What is required
What you return should be the lines from the one with "Guest room at" through the one with "Ljusgrå distressed jeansjacka" in the data below, reproduced exactly with both ends, and no pictures at all.

Provided information
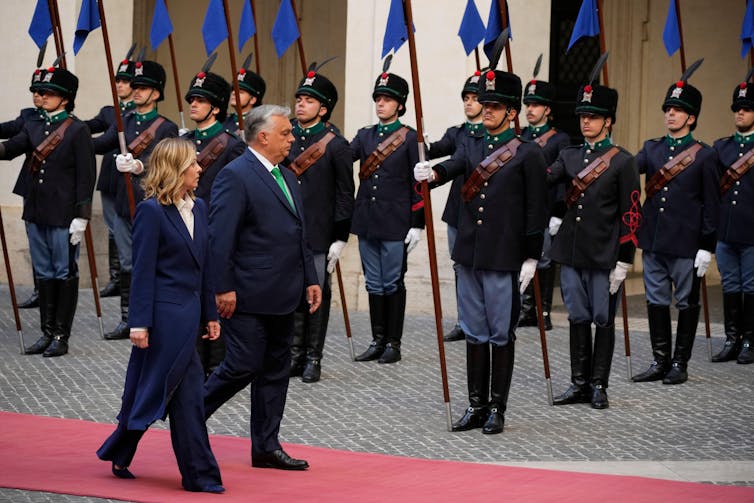 Viktor Orban e Giorgia Meloni passam por soldados do lado de fora do Palácio Chigi, em Roma.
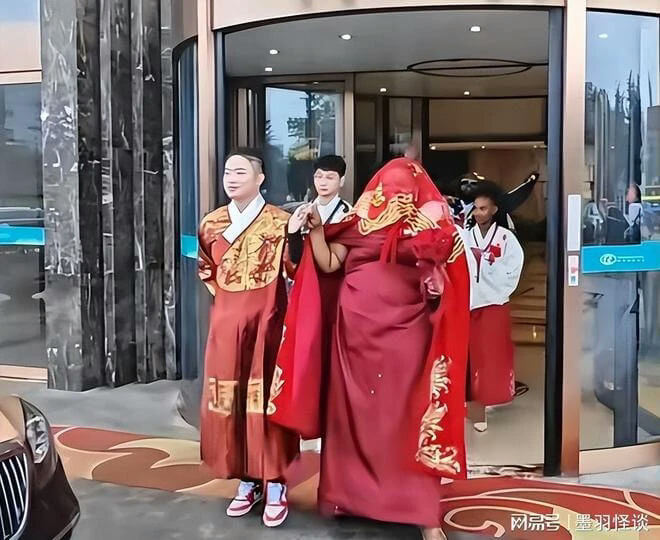 people-Two individuals in traditional/historical-style Chinese garments-A-man in maroon/red robe with gold embroidery and sneakers-A-woman covered mostly by a flowing red veil/shawl with gold trim-A-people standing in a doorway of a modern building, possibly exiting-B-person in white and red attire behind the main figures-C-car visible on the left edge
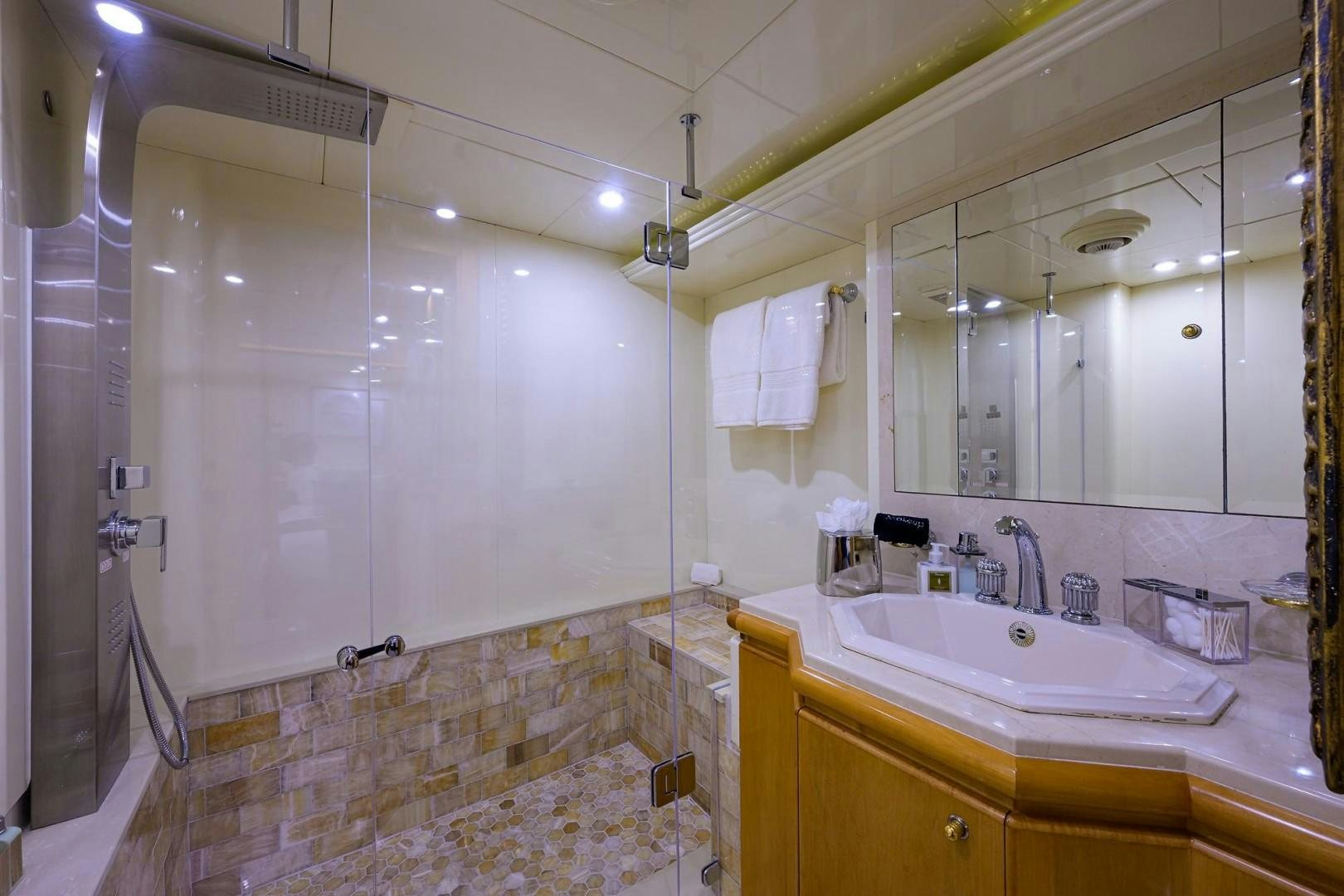a bathroom with a large mirror aboard CABERNET Yacht for Sale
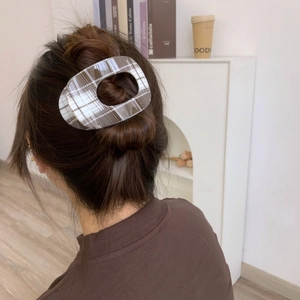 Detailed back view of a woman wearing a large brown plaid hair claw clip in a stylish bun
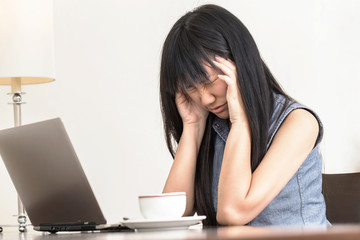 Asian Woman having a headache while she works on a laptop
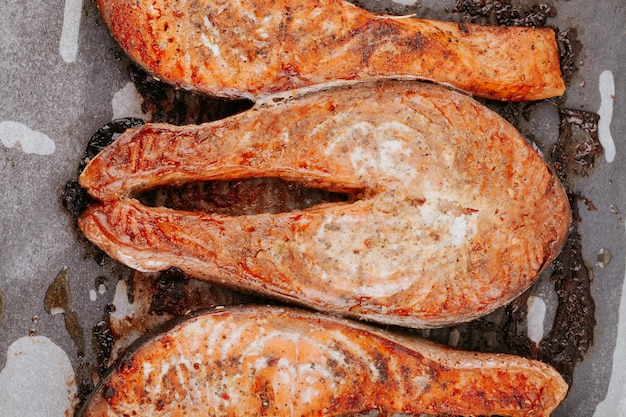 Filetes de salmón cocidos en un primer plano de una bandeja para hornear. Filetes de pescado frito rojo. Trozos de salmón al horno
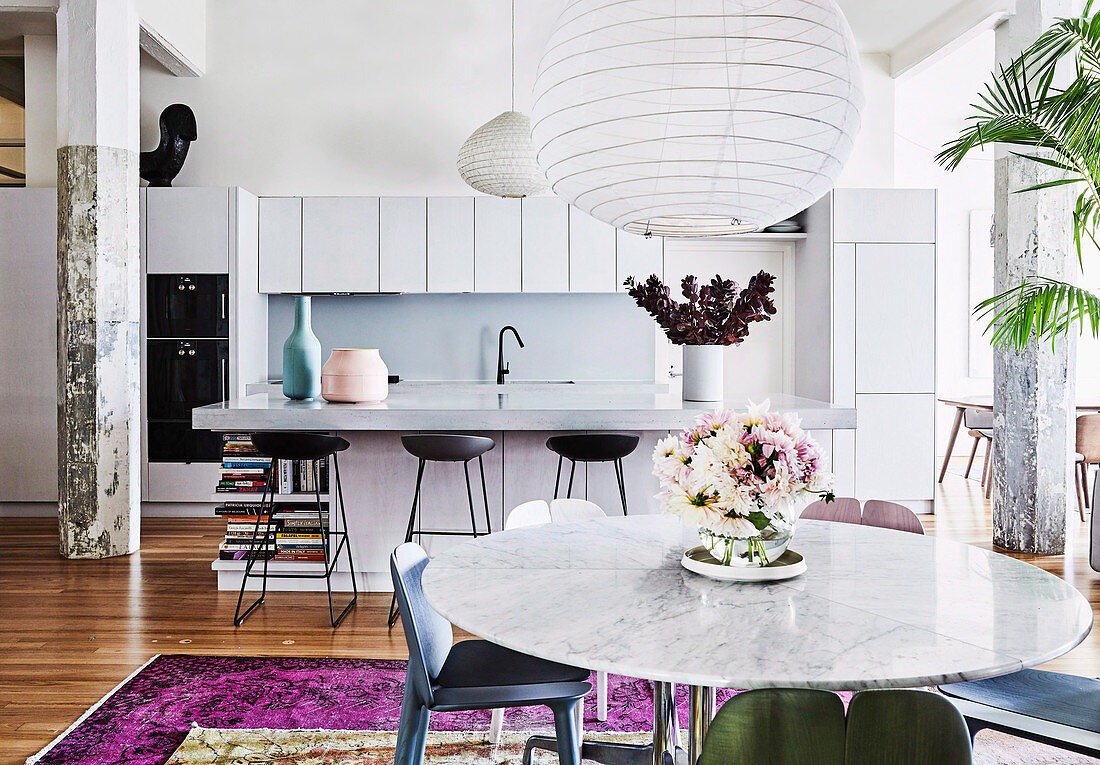 Offener Wohnraum mit moderner weißer Küche, Frühstückstheke und rundem Marmor-Esstisch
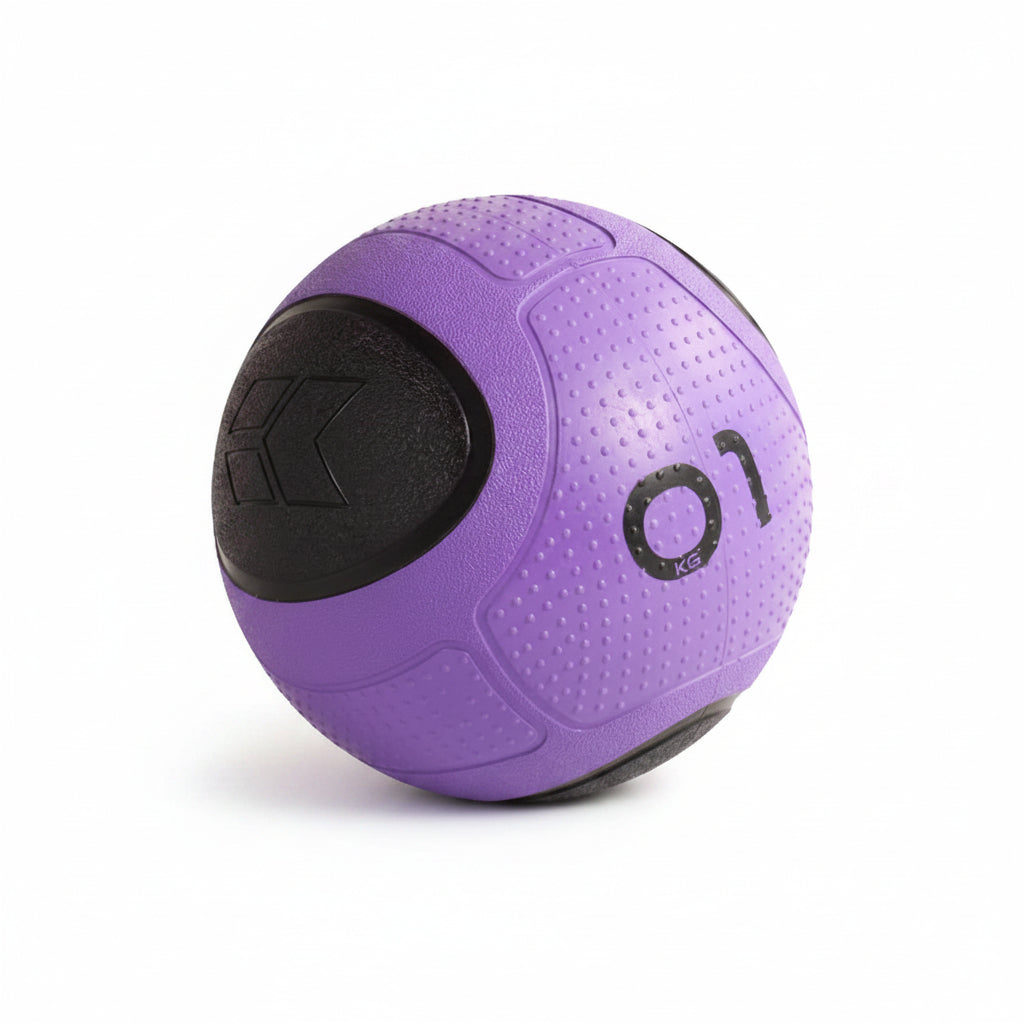 A purple and black medicine ball with a textured surface, featuring a black logo on one side 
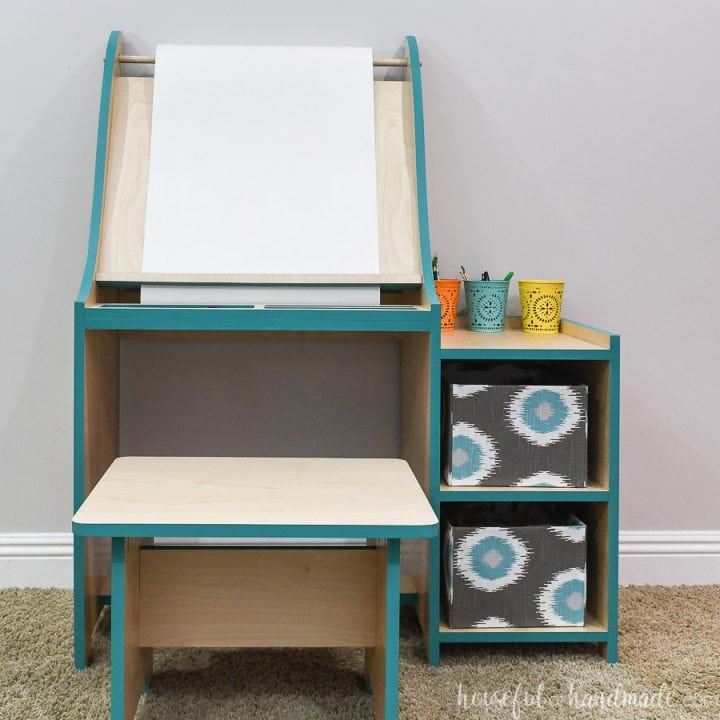 Front view of the art easel for kids with shelves for storage and bench to sit on.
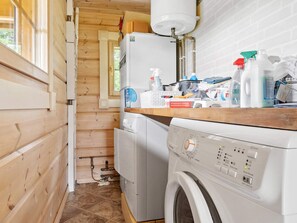 Ein Waschraum mit Waschmaschine, Trockner und Warmwasserbereiter.
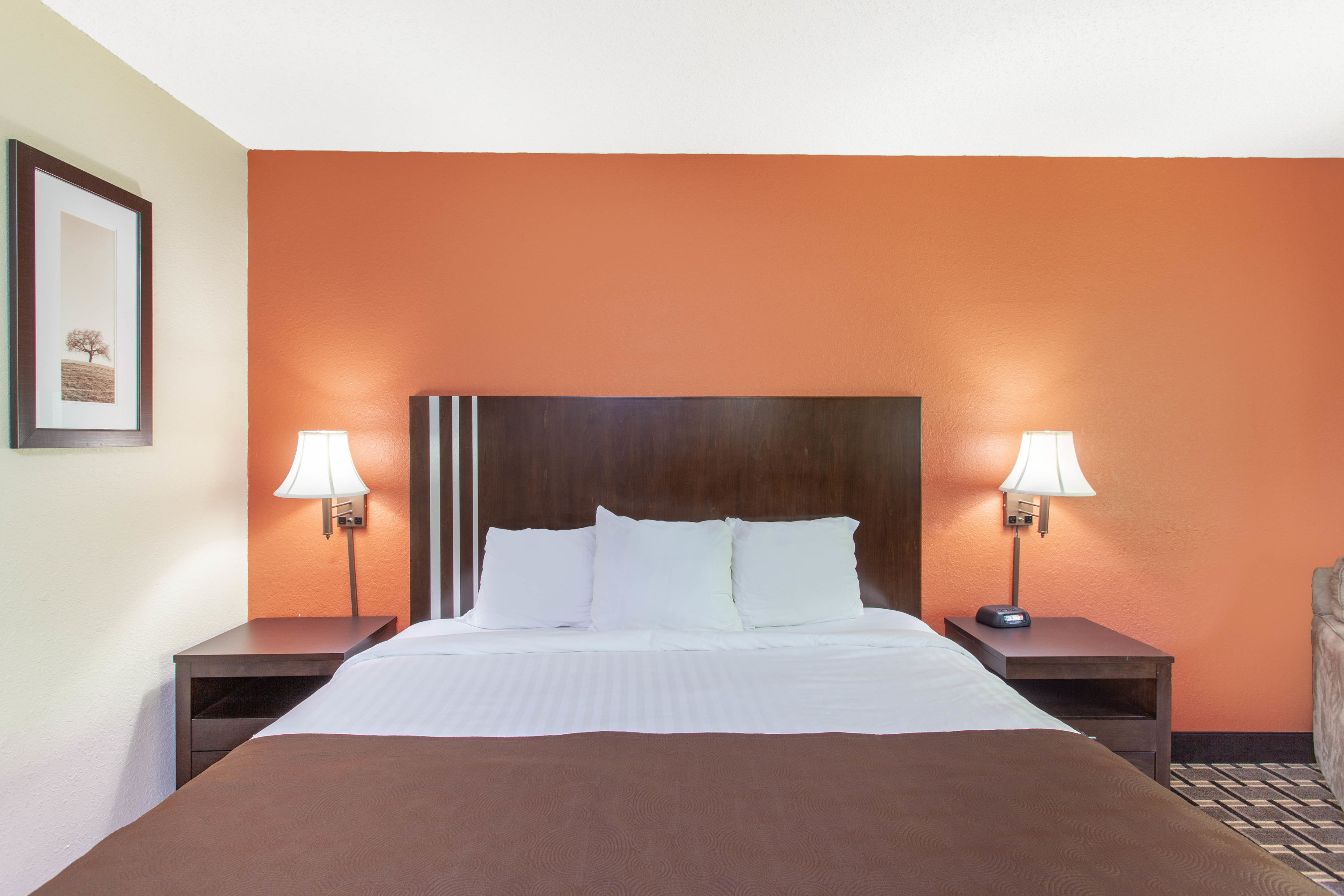 Guest room at the AmericInn by Wyndham Cloquet in Cloquet, Minnesota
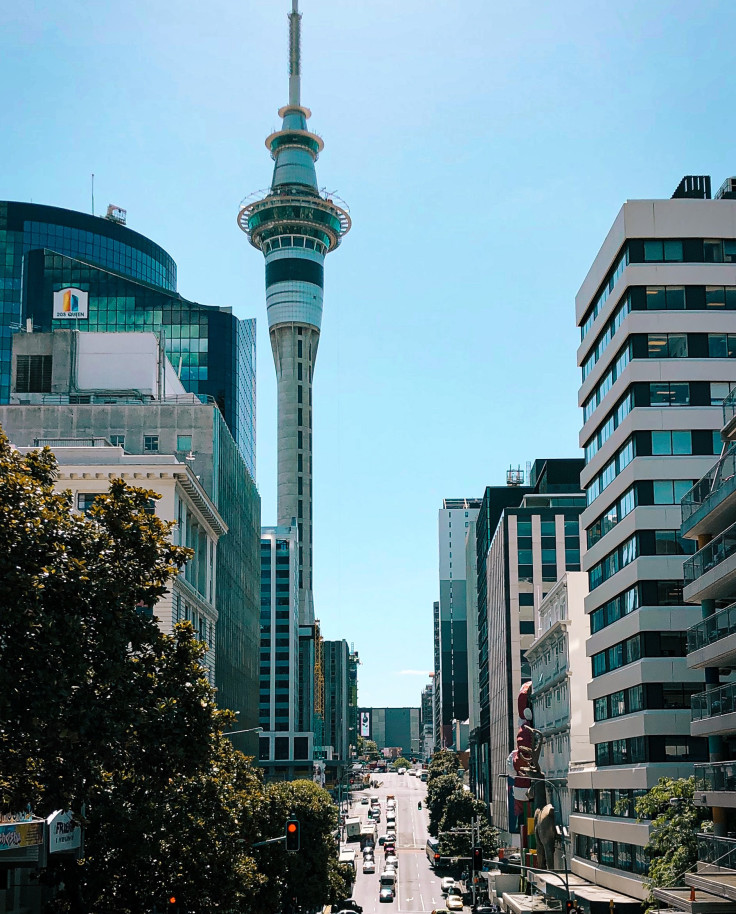 City with buildings and road with cars with clear skies during daytime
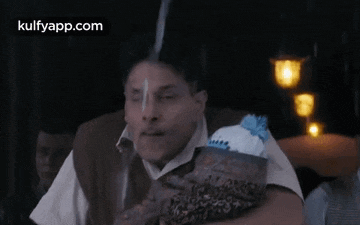 a man is sitting at a table with a bag of tissues in his hand and making a funny face .
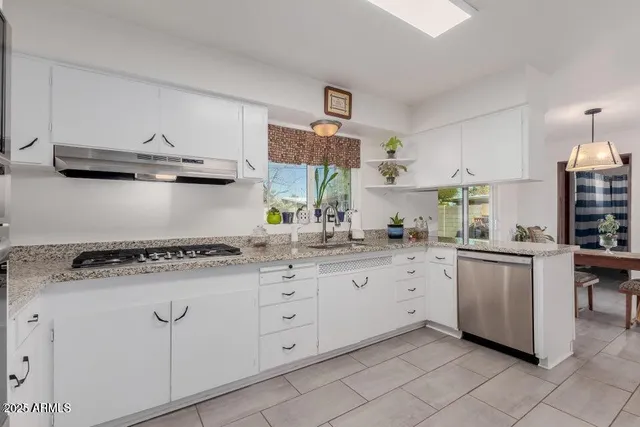 a kitchen with white cabinets and sink
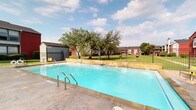 This residential community offers a blend of comfort and amenities in a suburban setting. The property is characterized by its distinctive red and white exterior buildings, creating a visually appealing contrast against the lush green landscape. A standout feature is the large, rectangular swimming pool, complete with depth markers and sturdy metal railings for safety. The pool area is surrounded by a concrete deck, perfect for lounging or sunbathing.

The grounds are meticulously maintained, with well-manicured lawns and strategically placed trees providing natural shade. A black metal fence encircles the property, offering both security and aesthetic appeal. The complex includes multiple buildings, suggesting a variety of apartment sizes and layouts to accommodate different needs.

A covered outdoor common area is visible, featuring a wooden deck and protective railing. This space is nestled under the canopy of a large, mature tree, creating a serene spot for residents to gather or relax. The overall design of the complex emphasizes open spaces and greenery, fostering a sense of community while maintaining individual privacy. The architecture combines modern elements with traditional touches, resulting in a welcoming and attractive living environment.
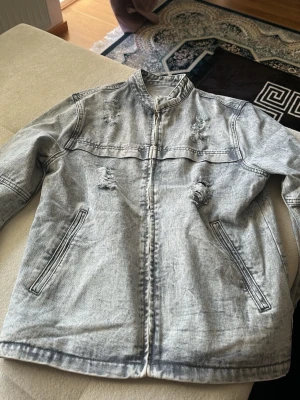 Ljusgrå distressed jeansjacka - Säljer en ljusgrå jeansjacka med dragkedja och ståkrage. Jackan har slitna detaljer på bröstet och magen samt två snedställda fickor framtill. Perfekt för dig som gillar en streetstyle-look med lite edge.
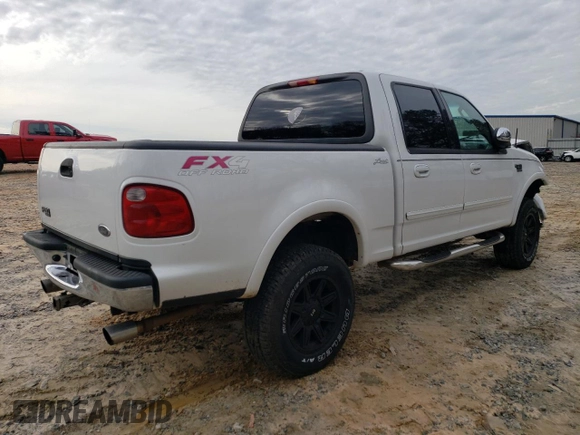 2002 Ford F-150 XLT with VIN 1FTRW08682KC80529, listed as a Copart auction lot 37546994 with 159,980 mi miles and Salvage Title. Bid and sale history available at carsss.com. Image 3.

Response area
 Guest room at the AmericInn by Wyndham Cloquet in Cloquet, Minnesota
 City with buildings and road with cars with clear skies during daytime
 a man is sitting at a table with a bag of tissues in his hand and making a funny face .
 a kitchen with white cabinets and sink
 This residential community offers a blend of comfort and amenities in a suburban setting. The property is characterized by its distinctive red and white exterior buildings, creating a visually appealing contrast against the lush green landscape. A standout feature is the large, rectangular swimming pool, complete with depth markers and sturdy metal railings for safety. The pool area is surrounded by a concrete deck, perfect for lounging or sunbathing.

The grounds are meticulously maintained, with well-manicured lawns and strategically placed trees providing natural shade. A black metal fence encircles the property, offering both security and aesthetic appeal. The complex includes multiple buildings, suggesting a variety of apartment sizes and layouts to accommodate different needs.

A covered outdoor common area is visible, featuring a wooden deck and protective railing. This space is nestled under the canopy of a large, mature tree, creating a serene spot for residents to gather or relax. The overall design of the complex emphasizes open spaces and greenery, fostering a sense of community while maintaining individual privacy. The architecture combines modern elements with traditional touches, resulting in a welcoming and attractive living environment.
 Ljusgrå distressed jeansjacka - Säljer en ljusgrå jeansjacka med dragkedja och ståkrage. Jackan har slitna detaljer på bröstet och magen samt två snedställda fickor framtill. Perfekt för dig som gillar en streetstyle-look med lite edge.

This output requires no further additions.